Berbicara tentang dia, ada hal yang lebih berkesan buatku diantara deretan kebiasaannya yang unik dan selalu ku kenang adalah tentang impian kami. Dia punya impian menjadi menteri. Aku pun punya impian untuk menjadi staff ahli bagi dia kelak jika impiannya tercapai. Kita sama-sama berencana untuk pindah ke rumah kontrakan binaan yang baru pada hari ini. Tapi, Allah punya kehendak lain. Allah menjemputnya kembali ke hadiratNya pada saat dimana aku bahkan belum bersua dengannya dari kesibukan aktifitasku saat itu. Sungguh bagai tersambar petir di siang bolong aku mendengar kabar kepergiannya yang begitu mendadak dan mengejutkan semua orang. Ya Allah, begitu berat ujianMu. Yang paling menimbulkan kecemasan dan kesedihanku adalah sosok umminya.Ummi yang kini telah ditinggal oleh anak kesayangannya dan oleh suaminya yang juga sudah lebih dahulu menemui Rabbnya. Ummi sosok yang bersahaja, apa adanya dan ibu yang sejati untuk anak-anaknya. Belum pernah aku melihat keberbaktian seorang anak seperti yang dilakukan oleh saudaraku ini kepada ibunya. Ya Allah, aku merasa malu kepadaMu karena belum bisa berbuat seperti itu kepada orang tuaku.
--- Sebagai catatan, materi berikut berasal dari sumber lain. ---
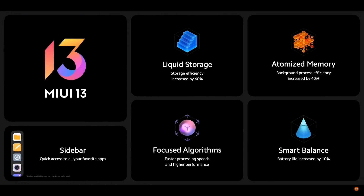In total, that's four big ways we're taking the MIUI experience and elevating it to another level: faster storage, faster background efficiency, faster processing, and longer battery life. Along with new features to make your UI more you, with a customizable Sidebar.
Semoga Engkau mengampuniku. 
Tapi begitulah kehidupan. Begitulah janjiNya. Janji yang pasti akan ditepatiNya.  Saudaraku, semoga engkau tenang di sana. Aku pasti akan menyusulmu. Itu pasti walau hanya Allah yang tahu kapan masanya. Saudaraku, hari ini aku berazzam dalam hatiku bahwa aku akan terus berusaha untuk lebih baik dalam kebaikan dan membiarkan aktivitasku mengalir di samudera kehidupan. Samudera yang penuh tantangan dan harus dilalui dengan penuh keteguhan seperti yang pernah engkau katakan padaku.
Saudaraku, sangat senang bisa mengenalmu dan membagi segala yang aku bisa bersamamu. Kini aku tahu banyak hal, bahwa benar katamu, saat perpisahan terjadi disanalah akan terasa segalanya berbeda dan sangat berkesan. Akhi, ana uhibbuka fillah. Persaudaraan yang dipersatukan karena Allah dan hanya Allah pula yang telah memisahkan kita. Kita tidak berpisahkan akhi? Hanya saja mencoba adil untuk berbagi kesempatan bersua dengan yang lain. Ya Allah, ampunilah saudaraku dan berilah ia tempat terbaik disisiMu. Ya Allah, tabahkan dan kokohkan hati orang yang ditinggalkannya.

Rabu, 08 Februari 2012

Kerinduan yang menyeruak (bag 1)

Pagi ini, hari berjalan seperti biasanya. Cahaya mentari menampakkan dirinya di balik gunung Salak. Semilir angin pagi nan sejuk sejenak menyergap dalam dadaku. Dalam-dalam ku nikmati karunia Allah ini. Mungkin suatu hari kelak aku tidak akan lagi bisa bernafas jika Allah menghendaki aku segera kembali padaNya. Terus ku nikmati sembari memuji kebesaran dan kasih sayang Rabb sekalian alam. Mentari sedikit-sedikit menyentuhkan lembut rasa hanyatnya bagi seluruh penduduk bumi saat itu. Sentuhannya sangat lembut membelai kulitku dan menghadirkan rasa tenang dan nyaman.  Akhirnya benarlah sudah ayat Allah  dalam surah Ar-Rahman, Maka Nikmat Tuhanmu yang mana yang engkau dustakan? Sungguh sebuah teguran bagi kita yang senantiasa lupa pada Nya. 
Dari lantai dua di sebuah rumah di Bogor ini, tiba-tiba pikirku melayang ke sebuah rumah dari kayu nan sederhana di Sumatera Barat sana. Rumah yang menjadi tempatku dilahirkan dan dibesarkan selama 17 tahun masa hidupku. Rumah yang kini hanya dihuni oleh ayah, ibu, dan dua adikku. Tanpa aku di sana.
"Apa yang sedang terjadi di sana? Apakah adik-adikku sudah besar sekarang? Apakah Ayah dan Ibu baik-baik saja?" Sontak pertanyaan ini berkelebat di kepalaku. Meneteslah airmataku secara perlahan. Mengalir tanpa hambatan. Sesegeranya aku ambil telepon genggamku. Ku coba hubungi satu-satunya nomor yang ada di rumahku, yaitu nomor hape ayah.  Tak lama kemudian, terdengar sebuah suara yang sangat ku kenal. Suara yang dulu membangunkanku saat subuh menjelang. Suara yang senantiasa memberi nasehat di telingaku. Ya , itu ayahku..... (to be continued)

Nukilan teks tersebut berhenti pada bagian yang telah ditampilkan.